• _TASK GOAL_
What is needed is a word-for-word copy of the listing below, without pictures.

• _THE DATA_
+---+

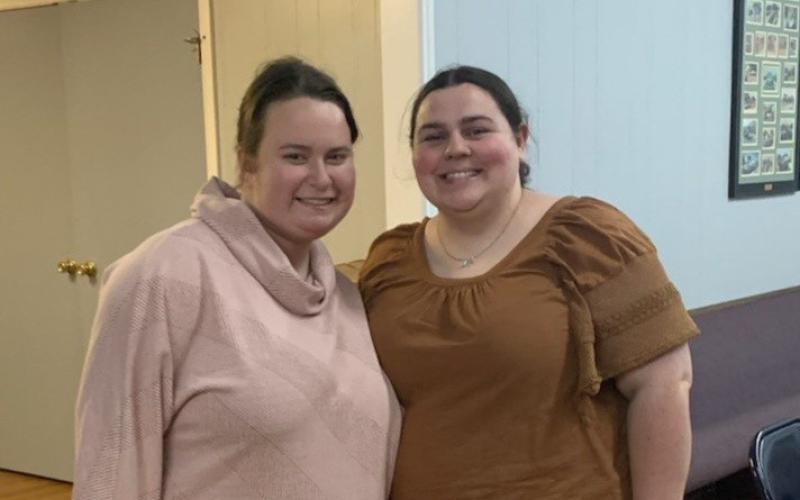 Holly Hines gave a presentation on how to use the app GroupMe, which will allow the club to have an easy-to-use group chat. Laura Beth Henniger joined in the festivities. COURTESY PHOTO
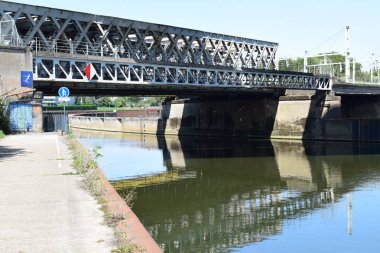 the bridges on two levels crossing each other and the Moselle in Thionville clipart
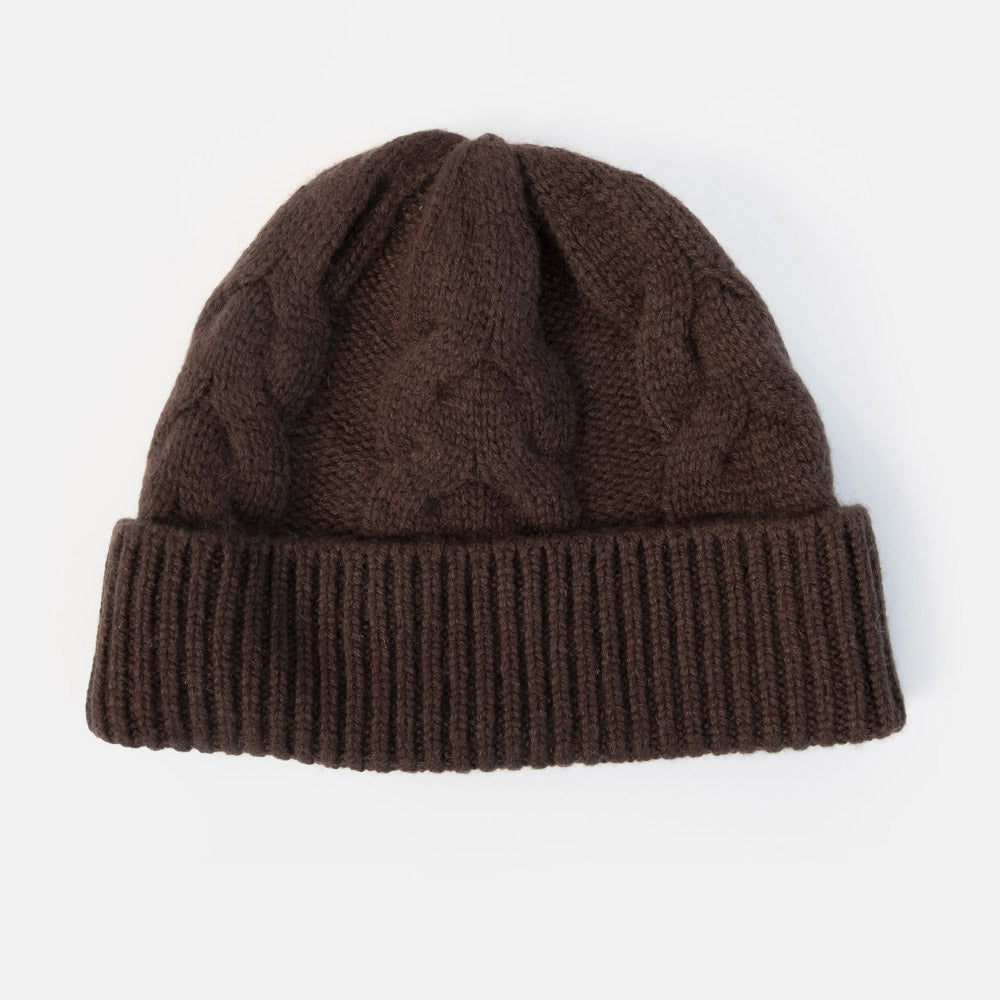 A dark brown cable-knit beanie hat with a ribbed cuff, shown against a plain white background.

+---+

• _ANSWER BOX_
 Holly Hines gave a presentation on how to use the app GroupMe, which will allow the club to have an easy-to-use group chat. Laura Beth Henniger joined in the festivities. COURTESY PHOTO
 the bridges on two levels crossing each other and the Moselle in Thionville clipart
 A dark brown cable-knit beanie hat with a ribbed cuff, shown against a plain white background.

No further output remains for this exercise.